Jan 15 17:29:34 Pegasus console-kit-daemon[679]: GLib-CRITICAL: g_hash_table_destroy: assertion `hash_table != NULL' failed

Tks for you assistance.

Al


----------



## SirDice (Jan 15, 2009)

On most linux disto's I've seen gksu is used to get root access (if you're a 'regular' user). I installed gksu, added myself to the sudoers file and modified the menu to run gksudo <command>. That will present a nice popup asking for a password and then run whatever <command> tool you've selected as root.

Unfortunately this doesn't seem 'standard' with the fbsd port of gnome2. So you will need to hack it in yourself. IMO this should be included.


----------



## agerardi (Jan 15, 2009)

Thank you for the assistance. Background....with Freebsd....I have been using freebsd 5 for a long time.  Decided to do a fresh install of 7.1.....and I guess I am going to have to do a lot more reading.....as this version is different (a lot different) from version 5, with a ton more error msgs..and configuration issues. Finally able to use the su command now....as when I added my user id....I put myself into the wheel group. Maybe slowly but surely...I will get all things ironed out. Next issue is sound. Using MB realteck audio based on the intel chip.
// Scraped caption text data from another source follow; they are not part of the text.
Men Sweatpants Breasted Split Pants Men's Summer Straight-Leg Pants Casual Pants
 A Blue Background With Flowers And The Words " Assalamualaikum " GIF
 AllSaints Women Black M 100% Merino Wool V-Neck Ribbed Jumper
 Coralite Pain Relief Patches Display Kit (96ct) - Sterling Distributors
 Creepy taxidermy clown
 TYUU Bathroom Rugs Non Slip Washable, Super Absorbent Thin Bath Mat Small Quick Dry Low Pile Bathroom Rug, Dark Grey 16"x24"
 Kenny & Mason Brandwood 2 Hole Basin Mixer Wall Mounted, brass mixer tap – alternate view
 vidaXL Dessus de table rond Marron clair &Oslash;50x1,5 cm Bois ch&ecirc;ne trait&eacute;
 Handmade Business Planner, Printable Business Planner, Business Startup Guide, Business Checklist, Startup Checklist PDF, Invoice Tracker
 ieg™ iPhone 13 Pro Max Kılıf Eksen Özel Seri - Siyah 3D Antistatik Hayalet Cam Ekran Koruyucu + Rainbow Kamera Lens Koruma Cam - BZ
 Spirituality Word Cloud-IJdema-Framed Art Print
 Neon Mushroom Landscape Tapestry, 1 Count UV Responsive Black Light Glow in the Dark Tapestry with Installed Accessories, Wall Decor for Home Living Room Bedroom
Got samba working great

Tks again

Al

Al


----------



## SirDice (Jan 15, 2009)

agerardi said:
			
		

> I will get all things ironed out.


Yeah, it took me a while to get everything right the way I wanted it. But that's what I like about freebsd, I'm not forced into one way or another, except my own 



> Next issue is sound. Using MB realteck audio based on the intel chip.


The multimedia chapter of the excellent handbook 



> Got samba working great


Nice :beergrin


----------



## agerardi (Jan 15, 2009)

Tks again Sir Dice

Got sound working now. Gota hard one for ya.....I have a 4:1 speaker system.....anyway to get the rear channels and subwoofer working. I know how to do it within LinuxMint and Fedora10.....but didn't see those same options here....

Tks

Al


----------



## agerardi (Jan 15, 2009)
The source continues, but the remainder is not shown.